Moi qui n'avais connu que des trains brinquebalants dont certains étaient déjà en service avant la deuxième guerre mondiale et où le toc toc du choc des roues contre les joints des rails emplissait les wagons (en Belgide on prononce "ouagon"). Je commence à comprendre l'amour d'Adrienne pour les trains d'aujourd'hui.

Comble, malgré tout ce que racontent les journaux, il était même à l'heure. Le rêve !

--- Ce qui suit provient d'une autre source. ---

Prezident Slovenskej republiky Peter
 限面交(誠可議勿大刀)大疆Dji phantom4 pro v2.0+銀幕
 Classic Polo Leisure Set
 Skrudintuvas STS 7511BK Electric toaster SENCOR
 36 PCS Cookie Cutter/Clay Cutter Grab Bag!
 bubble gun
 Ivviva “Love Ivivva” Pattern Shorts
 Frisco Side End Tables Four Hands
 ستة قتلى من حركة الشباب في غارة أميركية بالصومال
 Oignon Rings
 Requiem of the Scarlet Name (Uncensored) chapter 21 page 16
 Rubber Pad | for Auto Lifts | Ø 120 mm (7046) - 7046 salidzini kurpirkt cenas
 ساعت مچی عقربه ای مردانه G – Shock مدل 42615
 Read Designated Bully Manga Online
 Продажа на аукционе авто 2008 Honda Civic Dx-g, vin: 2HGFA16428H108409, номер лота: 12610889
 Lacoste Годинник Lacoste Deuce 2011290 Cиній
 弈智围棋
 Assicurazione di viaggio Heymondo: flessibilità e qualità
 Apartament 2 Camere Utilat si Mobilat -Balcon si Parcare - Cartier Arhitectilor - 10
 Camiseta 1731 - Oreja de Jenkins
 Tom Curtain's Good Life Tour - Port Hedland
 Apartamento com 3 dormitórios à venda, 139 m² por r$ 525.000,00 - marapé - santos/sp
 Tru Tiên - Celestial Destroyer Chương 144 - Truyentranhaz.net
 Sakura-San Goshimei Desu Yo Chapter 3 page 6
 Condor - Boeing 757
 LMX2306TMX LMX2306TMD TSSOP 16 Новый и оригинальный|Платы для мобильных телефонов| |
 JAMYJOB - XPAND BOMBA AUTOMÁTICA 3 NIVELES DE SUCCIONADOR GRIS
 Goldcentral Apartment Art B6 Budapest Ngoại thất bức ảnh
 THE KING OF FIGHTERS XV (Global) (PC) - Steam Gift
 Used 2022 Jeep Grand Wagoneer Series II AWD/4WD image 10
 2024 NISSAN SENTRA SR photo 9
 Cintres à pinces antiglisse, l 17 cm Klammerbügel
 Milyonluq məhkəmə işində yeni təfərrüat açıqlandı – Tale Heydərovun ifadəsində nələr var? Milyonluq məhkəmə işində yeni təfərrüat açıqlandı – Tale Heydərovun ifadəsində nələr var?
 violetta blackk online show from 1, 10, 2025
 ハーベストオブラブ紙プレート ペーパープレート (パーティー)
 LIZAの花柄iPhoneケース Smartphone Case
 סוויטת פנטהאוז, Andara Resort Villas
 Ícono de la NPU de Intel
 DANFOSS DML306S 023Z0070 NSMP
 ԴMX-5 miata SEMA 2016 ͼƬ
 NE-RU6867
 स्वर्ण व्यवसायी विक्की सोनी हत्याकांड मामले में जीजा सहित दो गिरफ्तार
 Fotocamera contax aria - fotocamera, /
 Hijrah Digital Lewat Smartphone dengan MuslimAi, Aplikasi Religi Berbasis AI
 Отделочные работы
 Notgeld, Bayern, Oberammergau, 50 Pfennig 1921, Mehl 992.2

Juste une petite chose : si je me décide à utiliser ce moyen de communication plus régulièrement, il va falloir que je me réhabitue à consulter les horaires détaillés. Au retour, nous sommes montés dans le premier train en partance pour Bruxelles. Manque de bol, c'était un train venant d'Amsterdam qui ne s'arrêtait pas à Bruxelles-Nord. Mais pas de panique, le tram 3 passe également à la gare du Midi. Nous avons simplement eu droit à un petit supplément de voyage.

Anvers1Anvers2

Vues de la salle des pas perdus de la gare d'Anvers et de l'entrée du Zoo


5 avril 2010

Familles je vous...

Hier, nous avons rendu visite à la petite-cousine de mon épouse. Elle a une grosse peine de cœur et Françoise, n'écoutant que le sien, qui est grand, est allée lui porter le réconfort de son amitié.

La famille de mon épouse a toujours été un sujet d'étonnement pour moi. En effet, avant le décès de certains d'entre eux, j'avais personnellement seize cousines et cousins germains dont je ne rencontre que certains et de façon tout à fait épisodique. Mon épouse, elle, en a... une : Claire.

Pour compenser, elle fréquente donc des niveaux plus éloignés de sa famille comme cette petite-cousine, au demeurant charmante : Francine.  Je vous montre ces trois personnages, de droite à gauche par ordre d'âge et de taille : Françoise, Claire et Francine. Ouais, vous avez raison, c'était pas hier !


Cousines


Tout ça m'épate parce que moi, je n'ai jamais rencontré de personne équivalente dans ma famille sauf une fois vers mes quinze ans, du côté de ma mère, une rouquine somptueuse  dont j'ai oublié le prénom.

Faut dire que la famille de ma femme est restée groupée dans un seul village, alors que la mienne est dispersée aux quatre coins du pays (ma cousine Anne a même vécu aux Philippines, c'est vous dire).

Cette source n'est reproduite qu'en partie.